Que la géométrie des positions
dans l'espace soit avec celle des figures et celle
des transformations un domaine de conceptualisation
très utile et un enjeu très
important, j'applaudis des deux mains. Mais cette
question concerne toute la scolarité, y
compris le collège. Il faut arrêter de
penser que la visualisation d'un graphique, et
même de la droite numérique, rend
lisibles les relations numériques à
l'école élémentaire.
La compréhension des graphiques
demande un travail didactique considérable,
poursuivi sur plusieurs années et jusqu'au
collège.
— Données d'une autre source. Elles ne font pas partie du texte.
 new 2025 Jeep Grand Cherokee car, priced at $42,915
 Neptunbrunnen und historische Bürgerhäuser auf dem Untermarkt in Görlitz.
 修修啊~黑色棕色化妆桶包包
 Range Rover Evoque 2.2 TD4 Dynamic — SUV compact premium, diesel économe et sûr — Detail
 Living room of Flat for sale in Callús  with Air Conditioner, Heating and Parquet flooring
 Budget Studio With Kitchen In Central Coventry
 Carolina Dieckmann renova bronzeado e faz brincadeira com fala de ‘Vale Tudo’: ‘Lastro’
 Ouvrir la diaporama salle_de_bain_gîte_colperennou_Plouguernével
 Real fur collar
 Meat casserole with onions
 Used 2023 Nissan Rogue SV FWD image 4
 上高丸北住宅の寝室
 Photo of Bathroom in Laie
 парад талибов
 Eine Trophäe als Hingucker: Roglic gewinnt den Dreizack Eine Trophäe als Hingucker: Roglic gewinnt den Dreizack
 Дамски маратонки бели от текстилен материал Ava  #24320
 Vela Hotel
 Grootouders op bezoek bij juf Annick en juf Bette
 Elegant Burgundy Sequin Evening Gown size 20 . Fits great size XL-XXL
Par exemple autant il est facile
aux enfants de saisir la signification de l'ordre
des points sur la droite, pour représenter
des dates de naissance ou des performances
d'athlètes au lancer de javelot par exemple,
autant il leur est difficile, jusqu'à la fin
de l'école élémentaire et un
peu au-delà, de penser comme un nombre la
distance entre deux points, en l'occurrence une
durée ou un écart entre
performances.
Conclusion
En conclusion, un peu de réflexion
épistémologique sur la
conceptualisation mathématique ne serait pas
de trop dans la réflexion du Ministre et de
ses conseillers. Qu'on me comprenne bien ! Je
trouve positif que les Académiciens aient
répondu au Ministre. En outre plusieurs des
points qu'ils retiennent sont de bon sens, et
assortis d'une recommandation de
prudence.
Je trouve par contre étrange que
le Ministre s'intéresse si peu à la
didactique des mathématiques et à la
psychologie des apprentissages
mathématiques, qui ne manquent ni de
qualité scientifique en France, ni de
prudence.
Faire appel à de grands savants pour
obtenir d'eux un avis n'est pas une démarche
déraisonnable, même s'ils n'ont pas
toutes les compétences qu'on leur
prête. Ils peuvent eux aussi être
victimes de naïvetés, plus dangereuses
qu'on ne le pense sans examen.
Personne d'ailleurs n'est à l'abri
des naïvetés. Mais il est du devoir du
Ministre de se tenir informé et de renoncer
au mépris dans lequel il tient les
didactiques, les sciences de l'éducation,
les IUFM, et même le savoir
d'expérience acquis par les enseignants au
cours de leur pratique.
On aperçoit chez le
Ministre une référence
implicite au " sens commun ", qui n'est
pas absent non plus de l'avis des
Académiciens. Or le sens commun est
bel et bon, mais radicalement insuffisant
pour penser les phénomènes
complexes. Les connaissances scientifiques
se construisent aussi contre le sens
commun, et pas seulement en s'appuyant sur
lui.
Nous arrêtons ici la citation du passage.